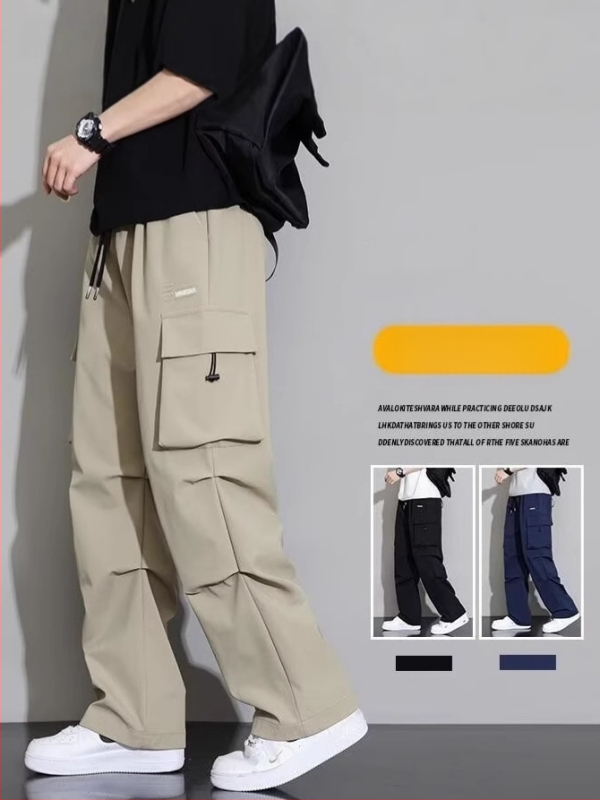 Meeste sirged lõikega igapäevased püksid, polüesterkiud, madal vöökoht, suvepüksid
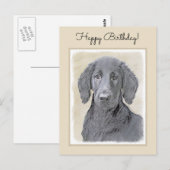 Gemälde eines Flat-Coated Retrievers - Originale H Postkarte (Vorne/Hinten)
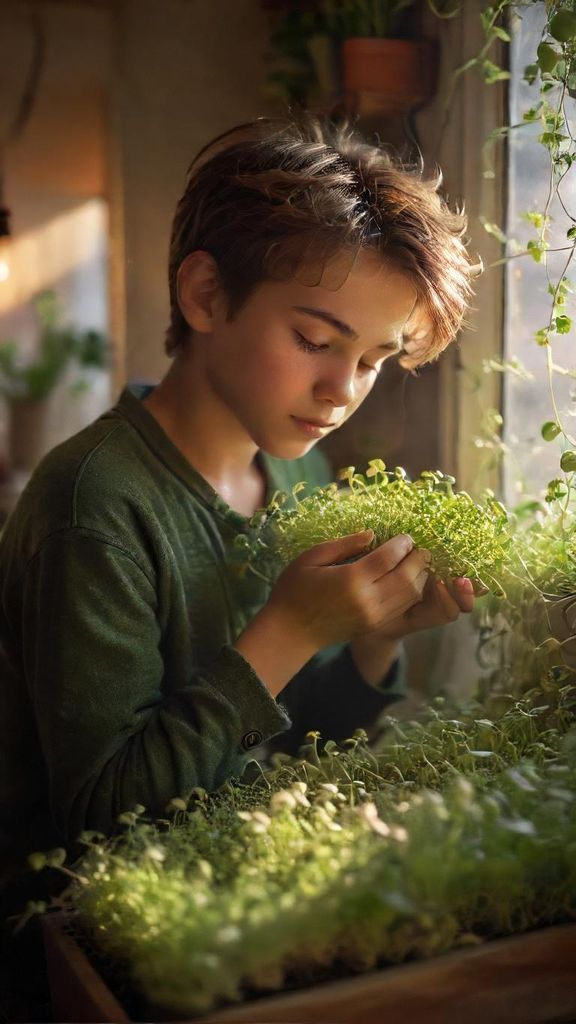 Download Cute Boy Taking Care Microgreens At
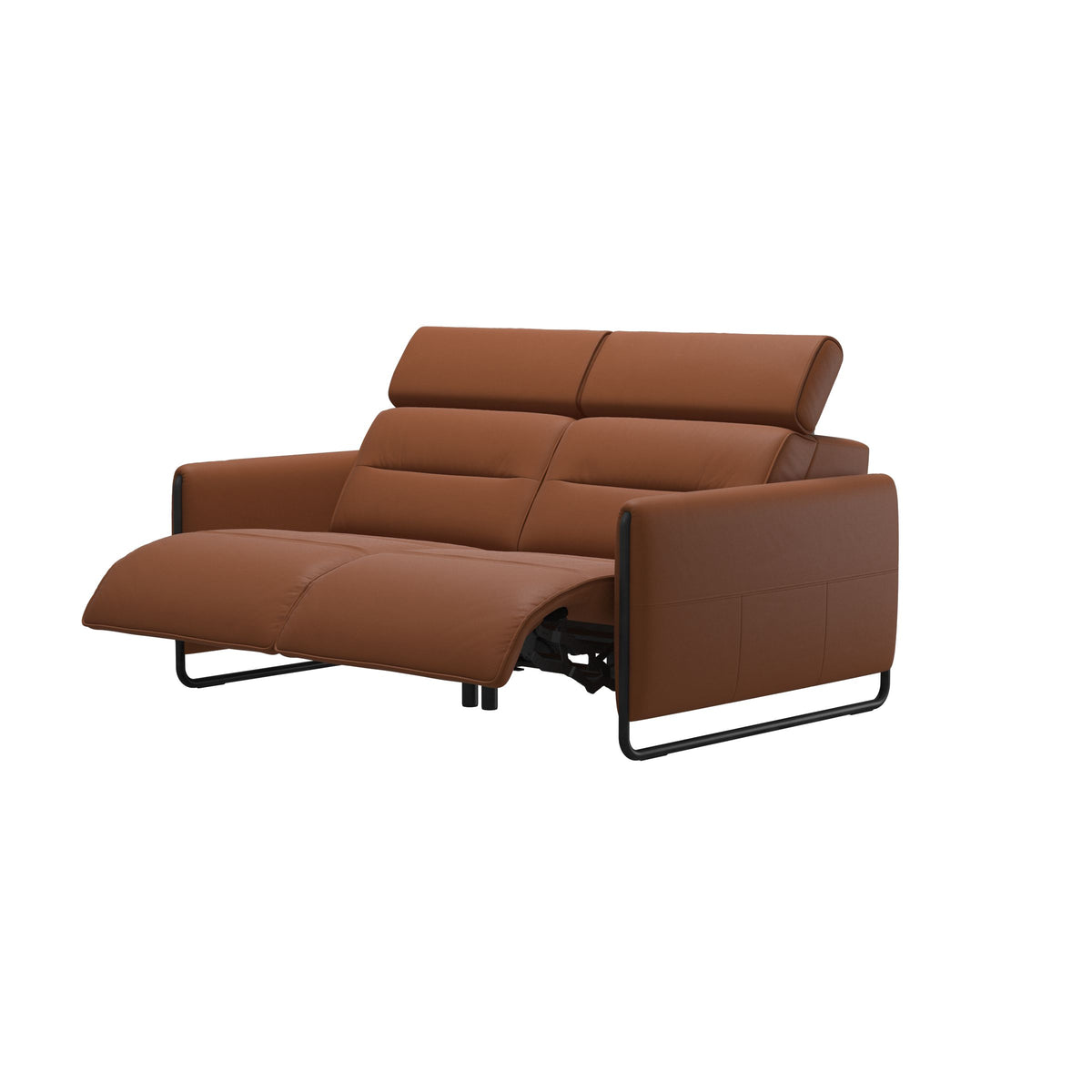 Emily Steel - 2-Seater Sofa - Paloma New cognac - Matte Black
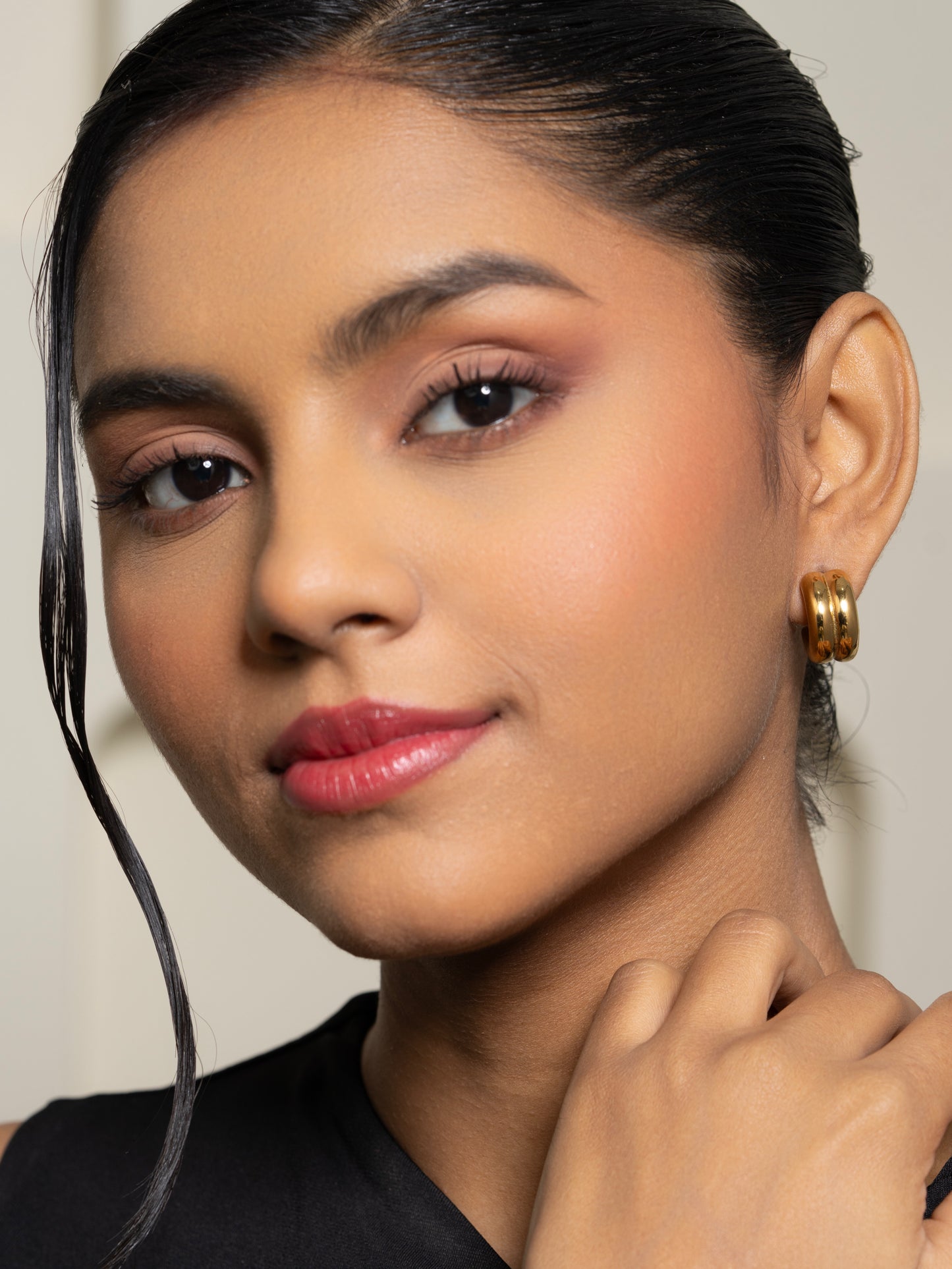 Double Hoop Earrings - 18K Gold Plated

...

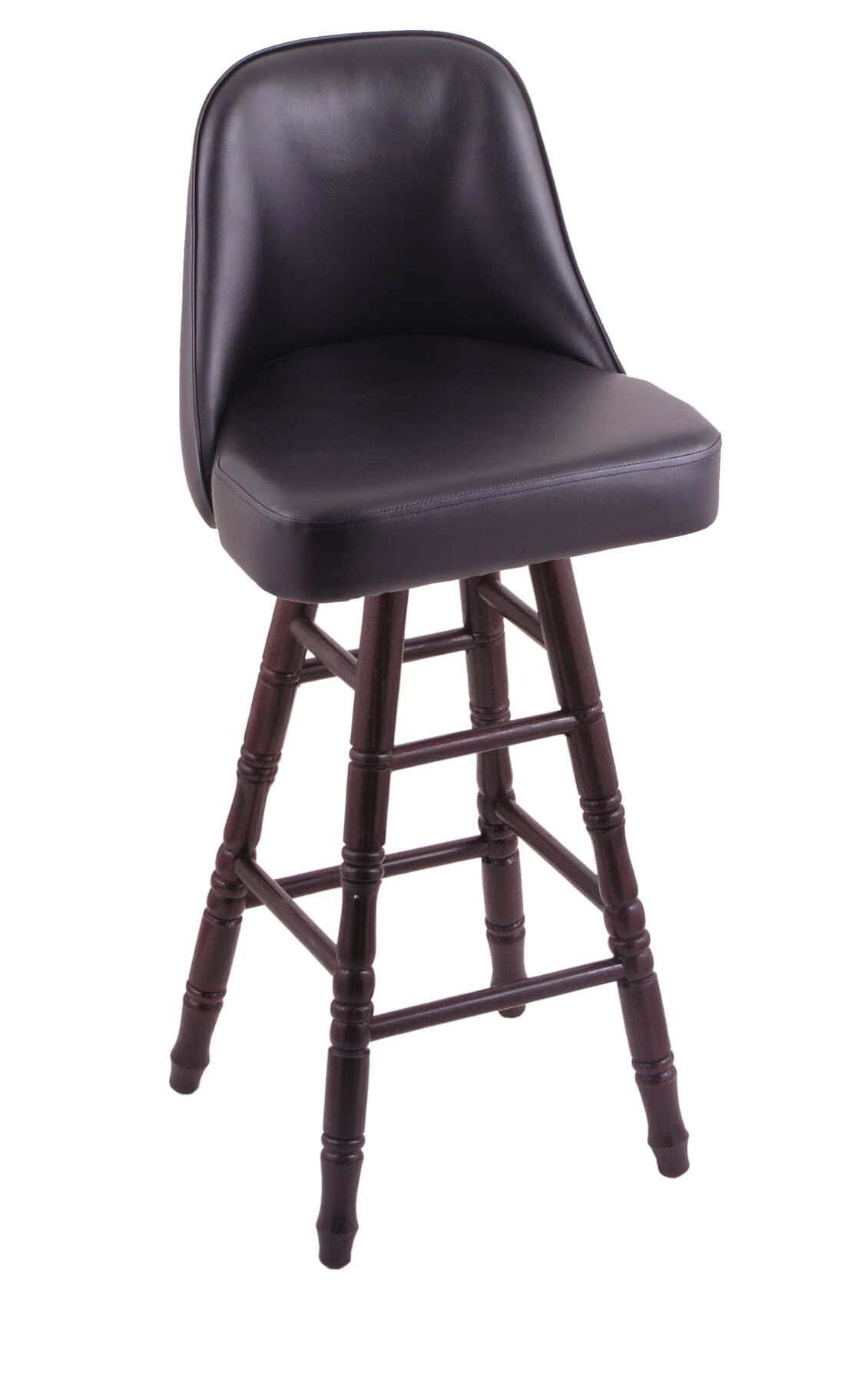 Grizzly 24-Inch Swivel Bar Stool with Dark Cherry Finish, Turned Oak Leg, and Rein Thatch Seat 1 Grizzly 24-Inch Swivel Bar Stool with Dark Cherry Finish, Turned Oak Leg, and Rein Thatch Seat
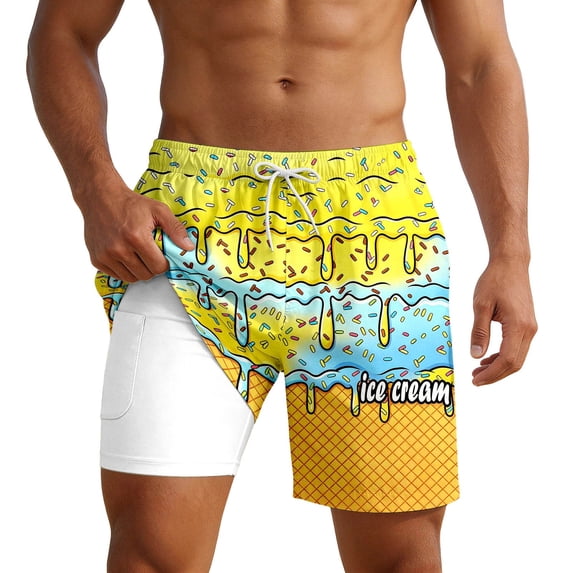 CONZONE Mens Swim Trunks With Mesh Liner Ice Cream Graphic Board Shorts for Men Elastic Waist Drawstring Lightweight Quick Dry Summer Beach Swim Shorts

- _Requirement_
Return exactly the lines above, from the one with "Meeste sirged lõikega" up to and including the one with "Double Hoop Earrings - 18K Gold Plated", and include no pictures.

- _Answer to this exercise_
 Meeste sirged lõikega igapäevased püksid, polüesterkiud, madal vöökoht, suvepüksid
 Gemälde eines Flat-Coated Retrievers - Originale H Postkarte (Vorne/Hinten)
 Download Cute Boy Taking Care Microgreens At
 Emily Steel - 2-Seater Sofa - Paloma New cognac - Matte Black
 Double Hoop Earrings - 18K Gold Plated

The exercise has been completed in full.